The most telling facts about any organization are its age and its market share. Because of the primary goal of having a desirable network, the younger and less established a managed care organization is the more likely group practices will successfully negotiate a contract that meets its own needs. Even when dealing with a well-established health plan with large market share, though, if the plan enters a new service area, introduces a new insurance product (eg, Medicare, Medicaid, or worker's compensation), or the group considers undertaking greater risk than is typical in that market, a group practice that fits in with the rest of the managed care organization's network will have an enhanced negotiation position.
It also is important that a group practice understand its value to its potential partner in the venture. Too much anxiety about being excluded from a network can undermine a group's goals. Group practices that are clear about which issues are deal breakers can better convey strength in negotiations.
Contract Provisions
The most important clause in a contract is, of course, the compensation arrangement. Whether a group practice is taking discounted fee-for-service, capitation only for primary care, capitation for specialty carve-out arrangements, extended risk including capitation that encompasses ancillary services (eg, laboratory and radiology), or a full-risk contract that includes risk for facility services (eg, hospitals or ambulatory surgery centers) and potentially for a continuum of care, the practice needs valid data to be able to negotiate. The data offered by managed care organizations about their experience with the scope of services or utilization assumptions often are difficult to validate.
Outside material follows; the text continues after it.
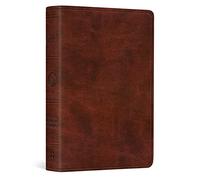 ESV Vest Pocket New Testament with Psalms and Proverbs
Group practices, therefore, should negotiate protective devices, such as assuming broader risk only after a specified number of lives, or risk band, has been assigned to the group. If a managed care organization is moving from fee-for-service compensation to capitation for a carveout, the group should negotiate fee-for-service equivalents for services provided in case, for example, unexpectedly low numbers of patients join the group's panel, particularly in the first year. Above all, contracts should include a provision to renegotiate the compensation provision based on actual events.
Group practices also should be realistically self-critical in evaluating their ability to fulfill the contract terms. Meeting appointment time frames, managing triage and authorizations in a gatekeeper arrangement, and employing nonphysician personnel (eg, nurse practitioners, physician assistants, nurse midwives, and even case managers) are issues that group practices should assess carefully before signing a contract covering such practices.
It is essential to define the scope of the financial risk to be assumed. Group practices should ensure that contracts specify what is included and what is excluded in the capitation rate, whether primary, care physicians also may function as specialists, what controls are in place for those roles, when stop-loss coverage is triggered, and where such coverage is defined.